Waiting for a method to signal it is done before launching it again

I am making a visualization in C# where there are a lot of gamemove related ‘actions’. An action can be ‘walk to’, ‘say to’ or ‘pick up’ etc etc. If the story I want to visualize goes like this for example:

  • Player walks to NPC1.
  • Player says to NPC1.

In this case i obviously want the first action (sentence) to be completed before starting the second one. My code looks as follows:

    void Update () {
        parseScenario ();
    }

The definition for the parseScenario function is the following: (small theoretical background (since the implementation is a bit different): entry is a list which contains a number of gamemoves (sentences) to complete. Look at this like a parent list, since each of these lists can contain a number of other gamemoves (sentences) to complete, this is indicated by a _next field which is the next one to do)

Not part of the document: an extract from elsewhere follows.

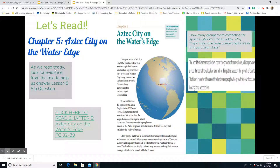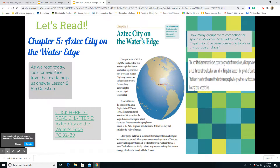Other people had lived in Mexico's Fertile Valley for thousands of years before the Aztec arrived, and many groups were competing for space. The Aztec had several temporary homes, all of which they were eventually forced to leave. The land the Aztec finally claimed may seem an unlikely choice — two swampy islands in the middle of Lake Texcoco. Boys and girls, swampy, as we discussed in Lesson 7, is one of our vocabulary words at the bottom of the page. Our comprehension questions for this page are: how many groups were competing for space in Mexico's Fertile Valley, and why might they have been competing to live in this particular place?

  public void parseScenario () {
        foreach (string e in entry) {
            parseEntryLine(e);
        }
    }

The parseEntryLine method looks like this:

public void parseEntryLine (string gm_label) {
        currentGM = findGameMoveByLabel (gm_label);
        if (currentGM.isBrick ()) {
            //Interprete it and perform the animation for it
            animateExpr(currentGM);
  
            //Check if it has a next
            if (currentGM._next != null) {
                parseEntryLine (currentGM._next);
            }
        }
    }

And the animateExpr method is just a function which contains a really big switch statement. Based on what the contents of the ‘action verb’ is, I start a method which performs the action in here.

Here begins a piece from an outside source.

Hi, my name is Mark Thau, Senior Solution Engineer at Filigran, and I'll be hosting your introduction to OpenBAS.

Now the problem is that obviously when I run it like this the entire story just gets executed immediately.

I cannot figure out how to wait for an action to complete before starting a new one.
Please note that these actions do not have a fixed timespan. (Some require input from the player as well).

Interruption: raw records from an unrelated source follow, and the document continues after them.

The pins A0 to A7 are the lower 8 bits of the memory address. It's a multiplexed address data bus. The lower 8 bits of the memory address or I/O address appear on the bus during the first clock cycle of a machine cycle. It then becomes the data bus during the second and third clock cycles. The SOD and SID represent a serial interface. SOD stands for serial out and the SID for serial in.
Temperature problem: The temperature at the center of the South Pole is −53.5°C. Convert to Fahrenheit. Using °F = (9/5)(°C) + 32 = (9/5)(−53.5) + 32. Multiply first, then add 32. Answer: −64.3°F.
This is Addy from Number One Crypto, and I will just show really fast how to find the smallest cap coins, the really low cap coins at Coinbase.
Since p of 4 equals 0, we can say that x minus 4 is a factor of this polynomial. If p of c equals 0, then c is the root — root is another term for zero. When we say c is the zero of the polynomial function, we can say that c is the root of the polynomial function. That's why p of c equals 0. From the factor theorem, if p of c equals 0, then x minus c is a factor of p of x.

I hope the question is clear, if not please ask me to make it more clear.

The simplest way I know is to set a bool while something is happening and then test for it with a coroutine every half second or whatever. Some things, like animations, already have a “isplaying” property, same with sounds, otherwise you need a trigger of some kind.

You should use coroutines.

public IEnumerator parseEntryLine (string gm_label) {
        currentGM = findGameMoveByLabel (gm_label);
        if (currentGM.isBrick ()) {
            //Interprete it and perform the animation for it
            yield StartCoroutine(animateExpr(currentGM));
            //Check if it has a next
            if (currentGM._next != null) {
                parseEntryLine (currentGM._next);
            }
        }
    }

And your animateExpr should be a coroutine which executes the animation and wait until it finishes.

Thank you for your answer Sbizz, I read about coroutines but I did not know if that is what i needed or not! What are the changes required in the animateExpr function to make this work?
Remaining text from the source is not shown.